STJ, REsp 1.990.221. Condição meramente potestativa. Interesse do credor. Possibilidade. Transferência da propriedade de imóvel. Estipulação "tão logo fosse de seu interesse" em favor do credor.
Situação Fática: Credor de um negócio jurídico envolvendo imóveis é beneficiário de uma condição suspensiva que prevê que o devedor deveria transferir-lhe a parte da propriedade “tão logo fosse de seu interesse”.
Controvérsia: Essa condição seria proibida por ser “puramente” potestativa, nos termos do art. 122 do CC?
Decisão: Para o STJ, não.
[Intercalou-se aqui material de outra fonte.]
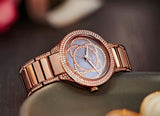 Michael Kors Kerry Purple Dial Rose Gold Stainless Steel Strap Watch for Women - MK3482 Authentic Buy Shop Now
A cláusula seria “meramente” potestativa e, portanto, lícita.
Fundamentos: A questão de fundo envolvia a prescrição ou não da pretensão da obrigação de fazer de transferir parte de um imóvel.
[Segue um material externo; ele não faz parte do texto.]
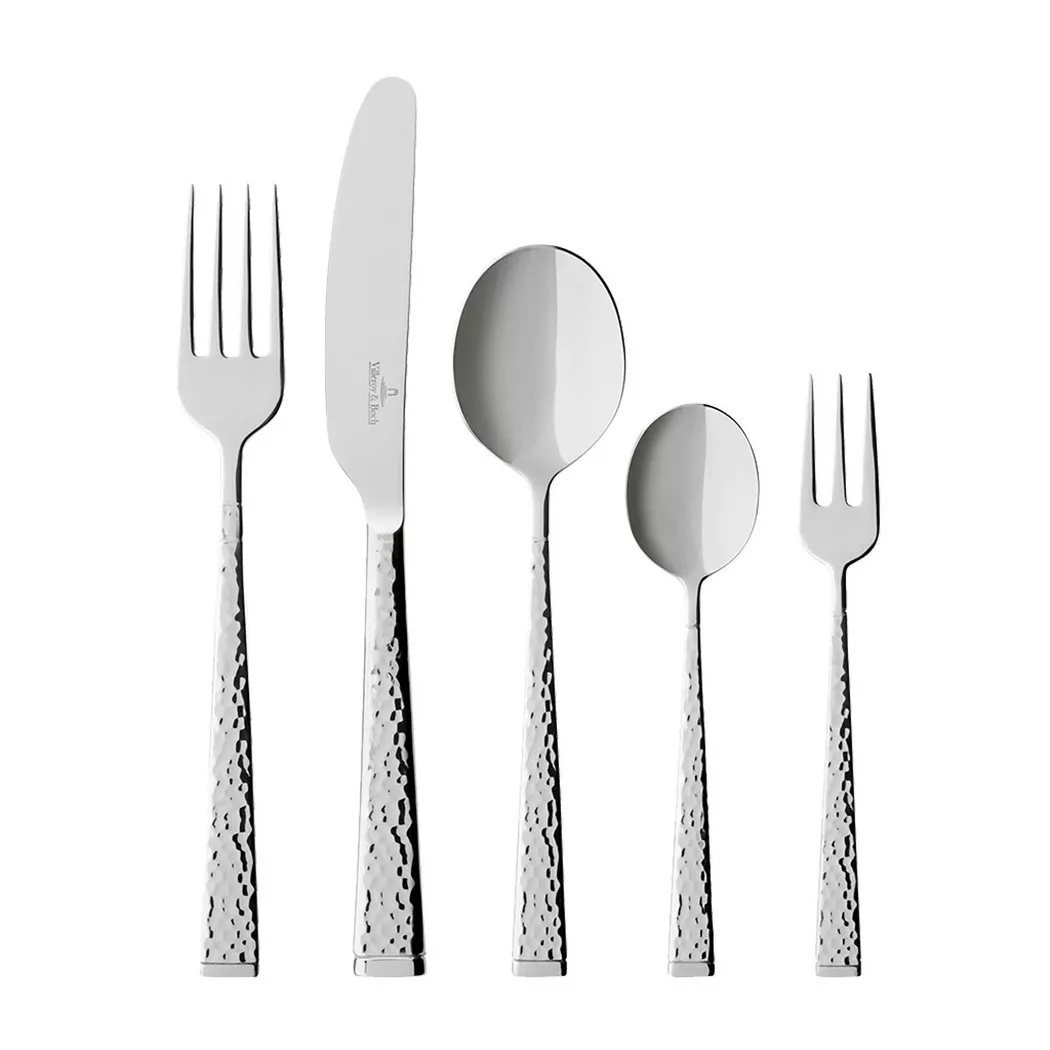 Villeroy & Boch Besteck-Set "Tafelbesteck Blacksmith 30er Set silber"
Se se admitisse que a condição suspensiva em comento fosse lícita, mesmo que o negócio jurídico houvesse sido avençado em 1970 ainda não se teria consumada a prescrição em 2006 (quando foi ajuizada a ação judicial), pois enquanto não verificada a ocorrência da condição suspensiva não se terá adquirido o exercício do direito, estando a situação elencada como hipótese legal impeditiva da prescrição no art. 199, I, do CC.
Ante o adjetivo “puro” que qualifica a palavra “arbítrio” no texto do art. 122 do CC (que constituiu uma novidade do atual CC de 2002 em relação ao antigo de 1916), o STJ fez a distinção entre condições “puramente” potestativas e “meramente” potestativas.
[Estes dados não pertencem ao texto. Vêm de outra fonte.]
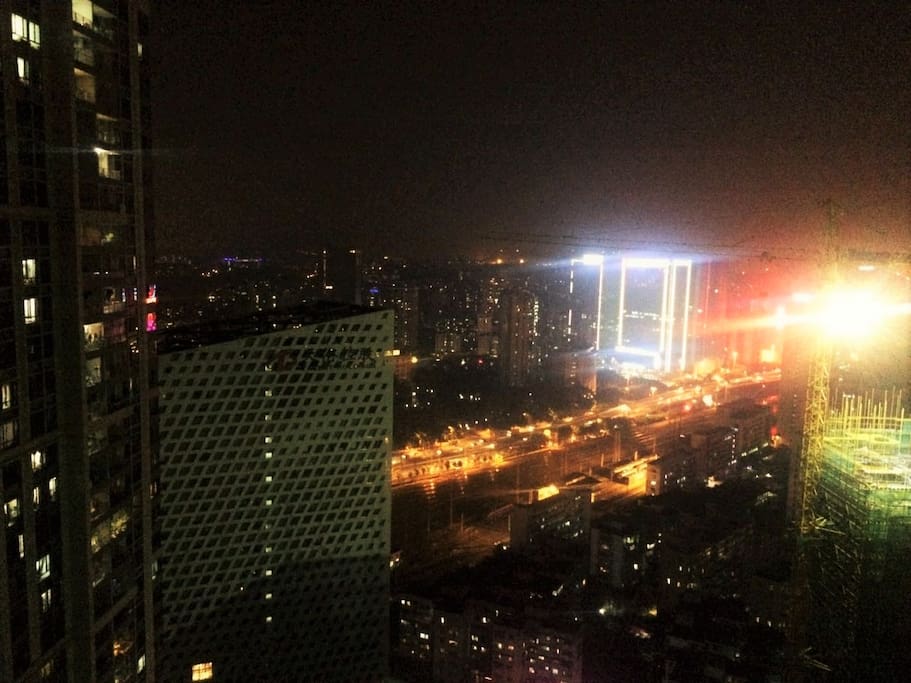 night from windows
O tribunal - valendo-se de exemplos como o da compra e venda feita a contento do art. 509 do CC – entendeu que tais cláusulas só são vedadas quando estatuídas em favor do devedor, sendo admissível que o credor exercesse sua vontade para o implemento da condição suspensiva, porque lhe daria direito à prestação pela qual o devedor já se obrigara desde a contratação do negócio.
O STJ citou os seguintes julgados como precedentes da distinção:
“CONDIÇÃO. CONDIÇÃO POTESTATIVA PURA. A CONDIÇÃO QUE SUBMETE A VONTADE DE UMA DAS PARTES A EFICACIA DO NEGOCIO E POTESTATIVA PURA PARA ESSA PARTE, MAS NÃO PARA A OUTRA, QUE SE OBRIGARA E A ELA FICOU VINCULADA. ART. 115, ULTIMA PARTE, DO CC. RECURSO CONHECIDO E PROVIDO.” (REsp n. 20.248/SP, relator Ministro Ruy Rosado de Aguiar, Quarta Turma, DJ de 6/10/1997, p. 49994)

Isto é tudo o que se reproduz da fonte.